=== DATA TO EXAMINE ===

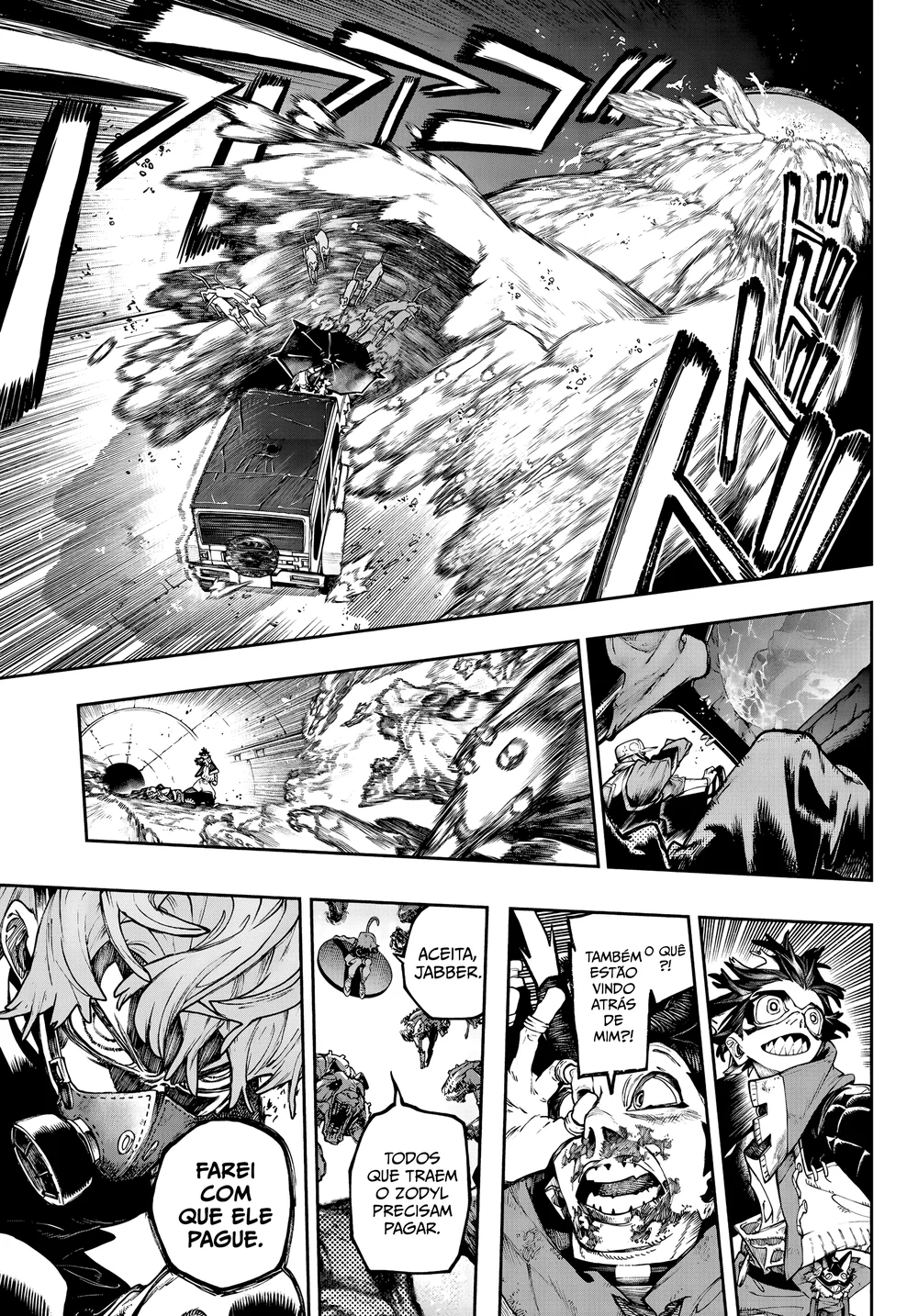 Read Gachiakuta PT Manga Online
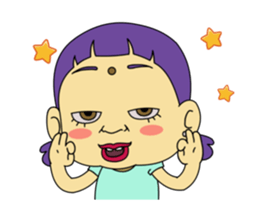 Street Dolls - Animated sticker #14932781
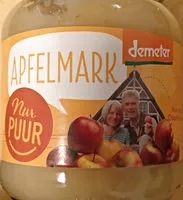 Mängden socker i Apfelmark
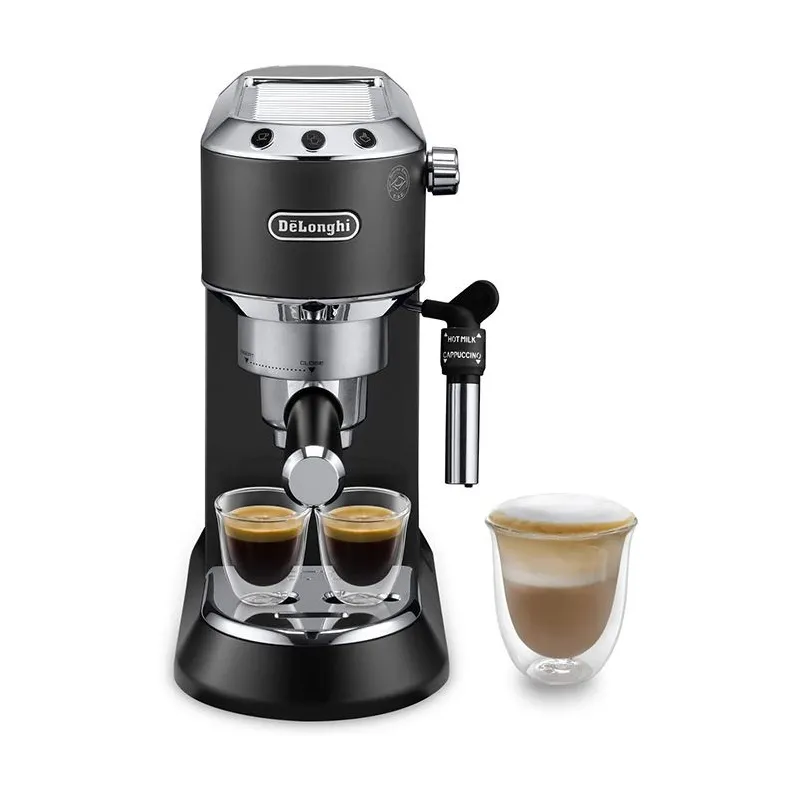 DeLonghi Cafetera espresso manual EC685.BK Negra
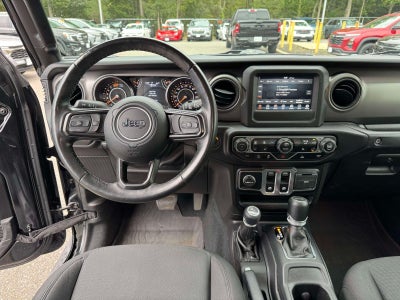 2022 Jeep Wrangler Willys 4x4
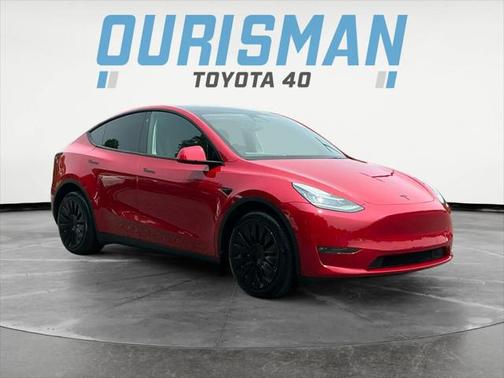 2022 Tesla Model Y Long Range Dual Motor All-Wheel Drive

===

» **TASK BRIEF**
Please give a word-for-word transcript of the lines from the one holding "2022 Jeep Wrangler Willys 4x4" through the final line of the entries, both ends kept, with no pictures.

» **RESULT FOR THIS EXERCISE**
 2022 Jeep Wrangler Willys 4x4
 2022 Tesla Model Y Long Range Dual Motor All-Wheel Drive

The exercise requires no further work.